What needs to be done >> The required output is the exact run of lines from the one bearing "Realhomes Soyut Çizgiler" through the final line of the listing below, with the pictures removed.

----- Provided records

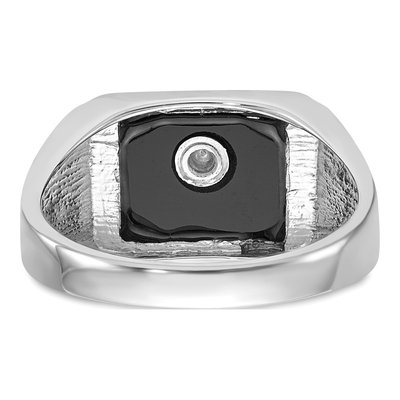 Men's 10K White Gold Onyx Masonic Ring – view 6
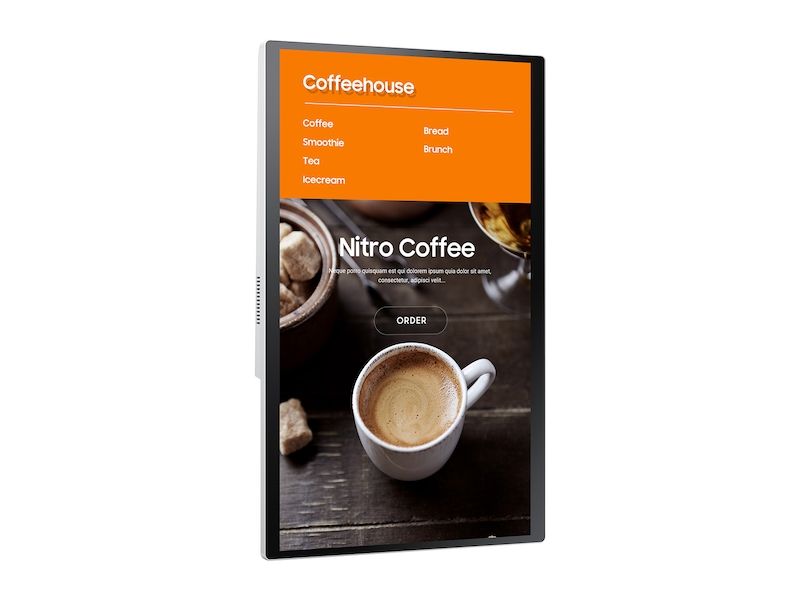 Kiosk interactiv Samsung KM24A, 24 , FHD, 16/7, 250nit, 14ms, contrast static 1000:1, Tizen 4.0. Necesita connec. box CY-KM24APXEN. Conectivitate: WiFi, 3xUSB2.0, 1xLAN, 3xRS232C. IP5x (Dust proof), Sticla protectie Yes, boxe 5W, dimensiuni 334.4x733x236.5mm, VESA 200x200, greutate 12.5kg, consum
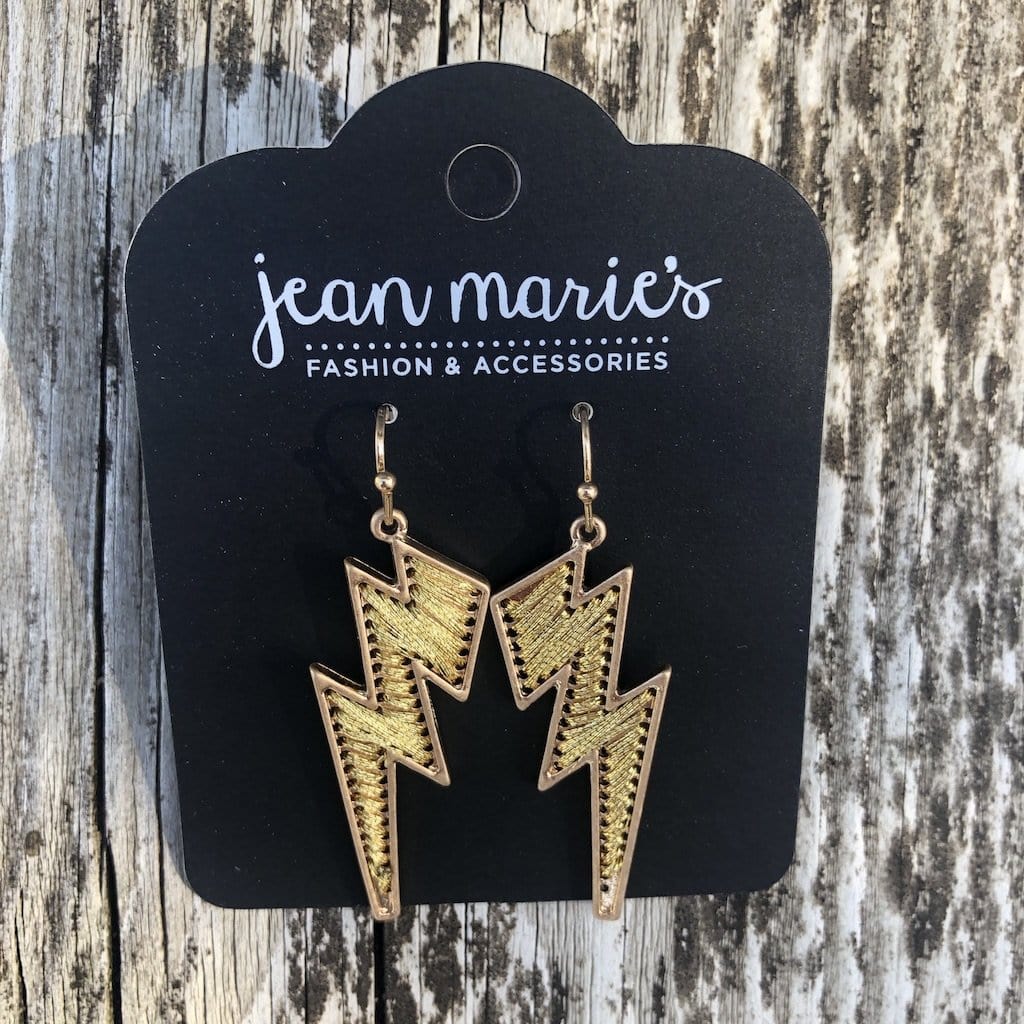 Gold Lightning Bolt Earring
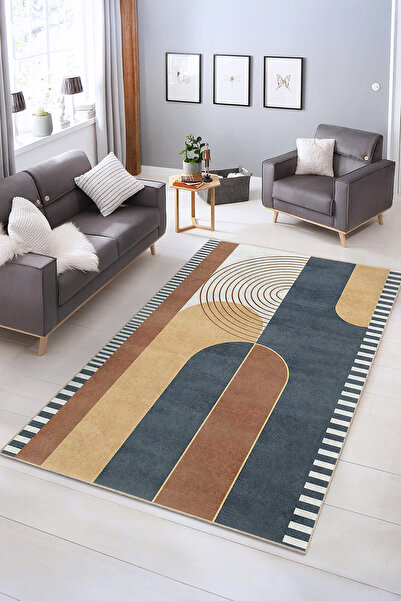 Realhomes Soyut Çizgiler ve Tonal Desenli Yıkanabilir Kaymaz Taban Salon Halısı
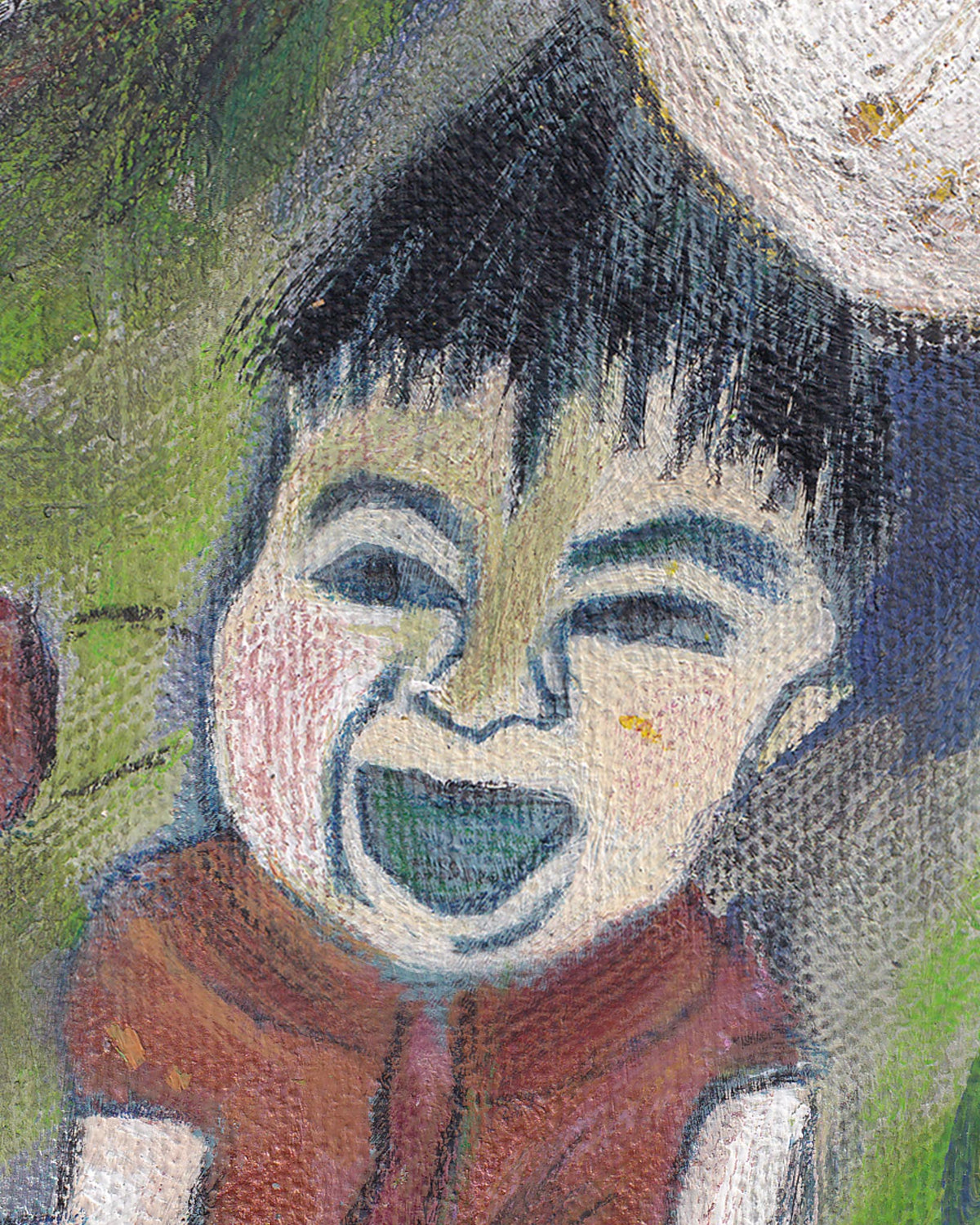 Close-up of a stylized painting of a child with a joyful expression.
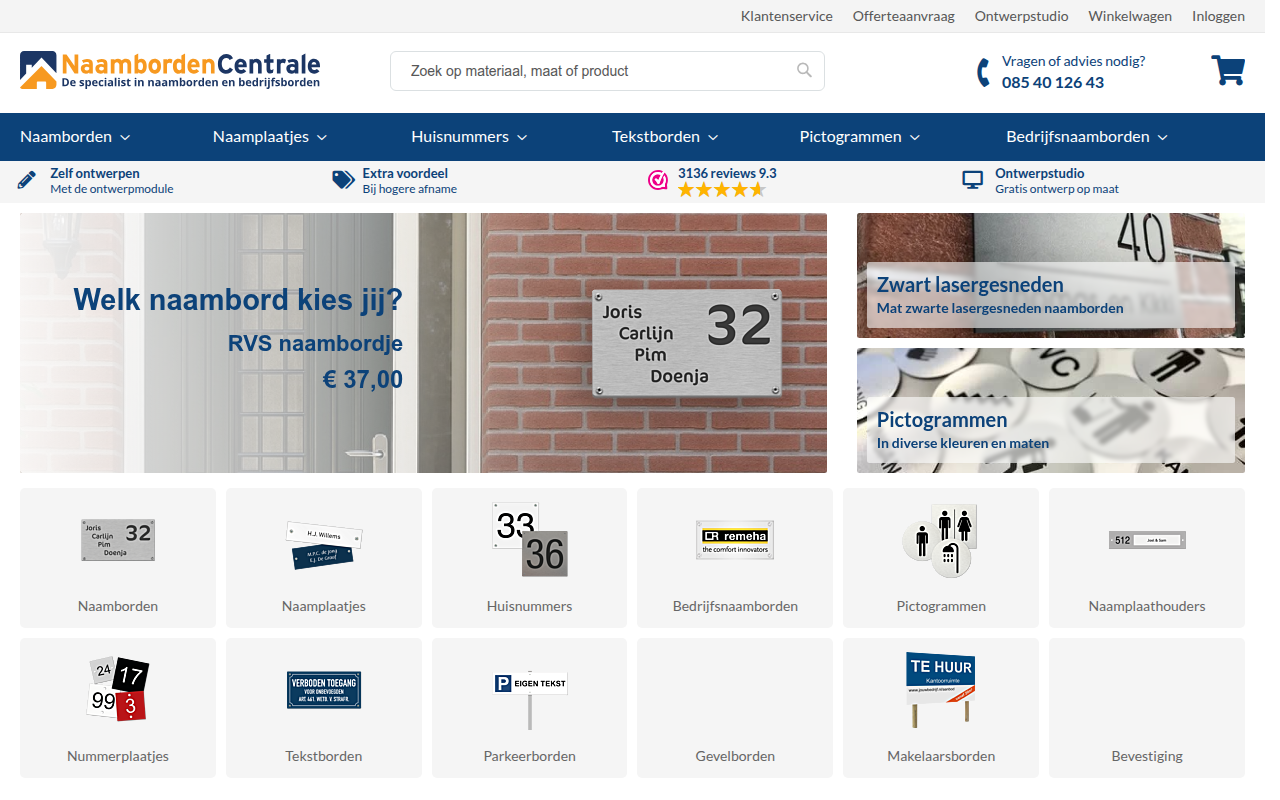Screenshot van naambordencentrale.nl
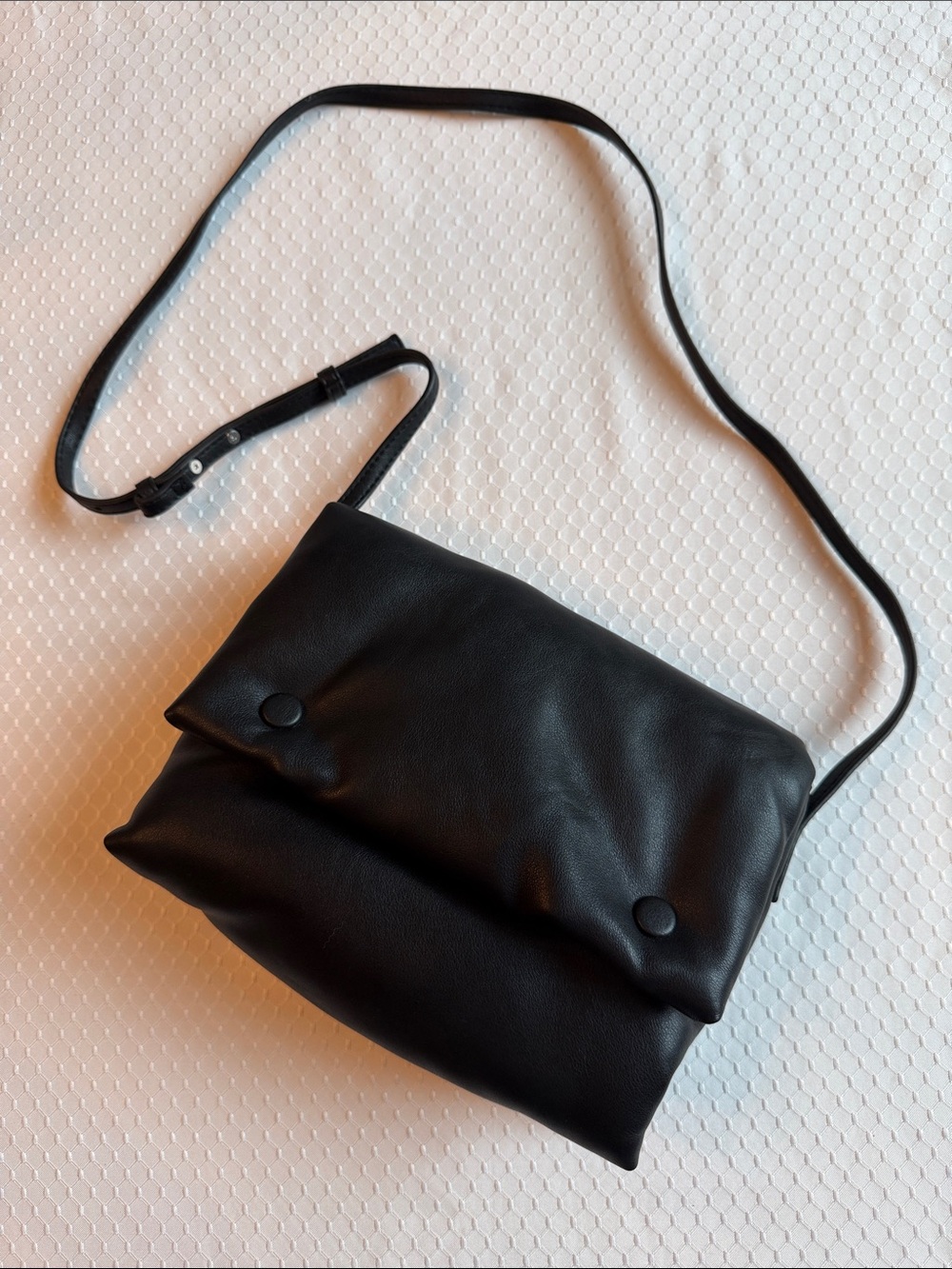 Mango Black Fold-Over Leather Crossbody Bag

----------

Written reply >>
 Realhomes Soyut Çizgiler ve Tonal Desenli Yıkanabilir Kaymaz Taban Salon Halısı
 Close-up of a stylized painting of a child with a joyful expression.
Screenshot van naambordencentrale.nl
 Mango Black Fold-Over Leather Crossbody Bag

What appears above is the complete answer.